On governance and institutional conditions, Volkova is equally direct. The single factor that most determines whether ESG moves or stalls in an organisation is leadership engagement.

“The greater the interest and involvement of management, the more emphasis will be placed on a more effective and faster implementation of ESG, as this would lead to more consideration of budget allocation for this purpose.”

This is not a novel observation, but it is one that deserves emphasis because it has direct implications for how ESG4GLAM tools are designed and deployed. If the primary audience is frontline staff, but the structural enabler is management, then effective ESG capacity building must address both levels. Tools that help staff make the case for ESG to their managers are as important as tools that build staff ESG skills directly.

Budget constraints and workload pressure are also named as significant barriers. These are not individual failings — they are structural conditions that affect most small and medium-sized GLAM organisations across Europe. The insight here is that ESG integration will only be sustained where leadership has decided it matters enough to protect the time and resources needed to pursue it.

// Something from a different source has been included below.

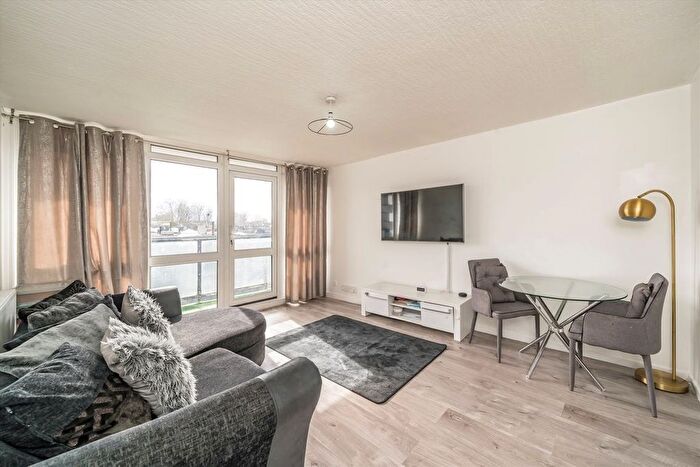 1 Bedroom Flat To Rent In Glanville Road, London, SW2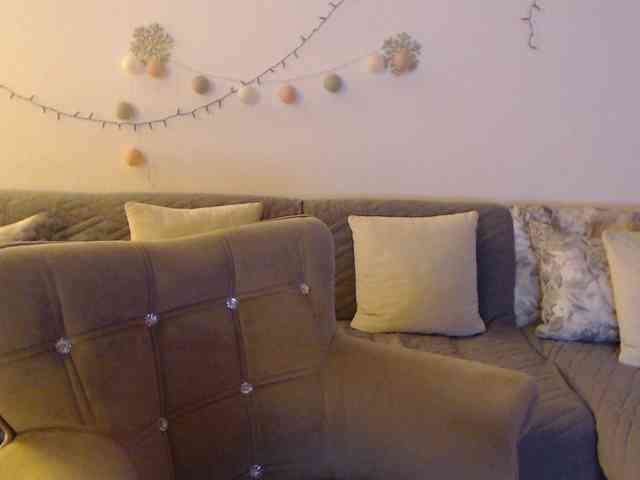 goodSnowQueen webcam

Validation through practice, aligned to European frameworks

On the question of how ESG competencies should be recognised and validated, Volkova favours an evidence-based, practice-rooted approach. The most credible form of validation, in her view, is demonstrated through real project work: improving accessibility, implementing inclusive services, carrying out environmentally responsible solutions. Not a certificate earned in a training room, but a record of what was actually changed.She also places significant weight on alignment with European frameworks — specifically the European Qualifications Framework (EQF). The reasoning is strategic: integration with European policy helps align local initiatives with broader strategies for sustainability, inclusion, and governance. For small organisations in countries where ESG funding and policy attention are still developing, European-level recognition is a lever for domestic legitimacy.

What ESG4GLAM must deliver

Volkova’s recommendations for the project are specific and practical:

  • Mindset change support — tools to help management and staff understand the concrete benefits of ESG integration, not just its ethical importance
  • Clear guidelines and standardised tools — methods and indicators that can be applied without significant additional infrastructure
  • Practical experience and project-based validation — mechanisms to demonstrate that competencies are being applied in real work
  • Knowledge exchange — structured opportunities to learn from other institutions, including international partners
  • Accessible content for small organisations — she specifically names the desire to understand how sustainability development works in a small organisation, a perspective often absent from frameworks designed around large institutions

This last point is worth underscoring. The ESG4GLAM research consistently shows that small and medium-sized GLAM organisations — which make up the large majority of the sector across Europe — are often poorly served by tools designed with larger institutions in mind. Volkova’s experience as a library manager in Latvia is a direct reminder that scalability and proportionality are not optional features of a successful competency framework. They are the conditions of its usefulness.

“New knowledge always provides opportunities for growth. I would like to understand how sustainability development is implemented in a small organisation.”

This article was produced with the assistance of generative AI tools. The interview transcript was prepared by a third party and may itself have involved AI-assisted processing. All factual content has been verified against the original transcript.